"""

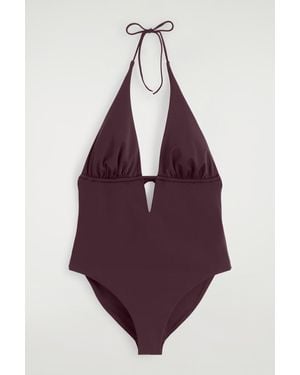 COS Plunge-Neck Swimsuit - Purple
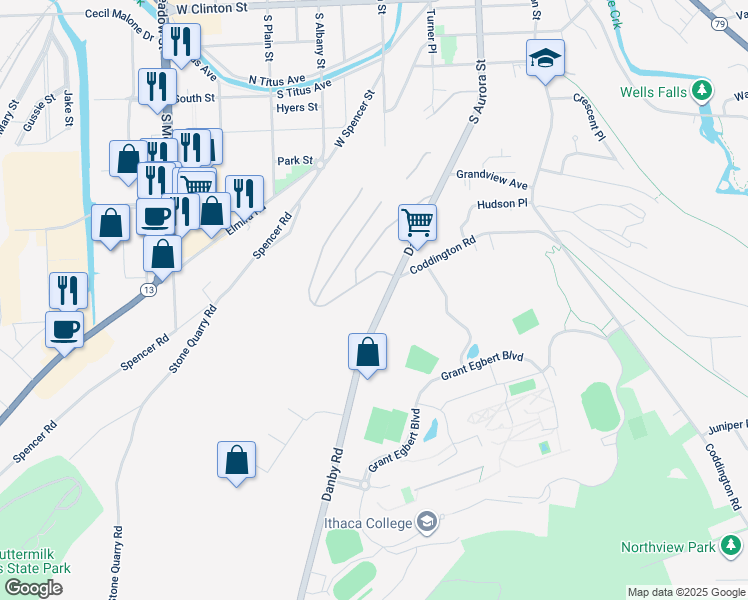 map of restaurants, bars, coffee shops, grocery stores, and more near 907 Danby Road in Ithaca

"""
"""

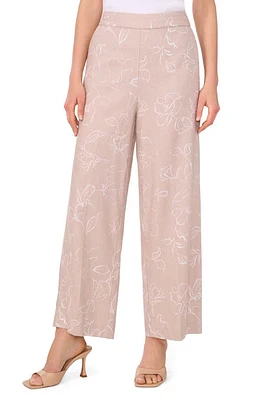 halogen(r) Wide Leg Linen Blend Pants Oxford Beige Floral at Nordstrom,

"""
"""

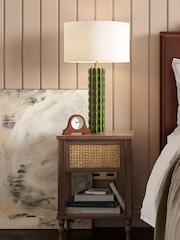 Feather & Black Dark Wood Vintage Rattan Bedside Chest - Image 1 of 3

"""

> Exercise objective:
Above are some records. Output exactly the lines from the one that contains "COS Plunge-Neck Swimsuit - Purple" to the one that contains "map of restaurants, bars, coffee", keeping both, and omit the pictures.

> Solution to this task:
 COS Plunge-Neck Swimsuit - Purple
 map of restaurants, bars, coffee shops, grocery stores, and more near 907 Danby Road in Ithaca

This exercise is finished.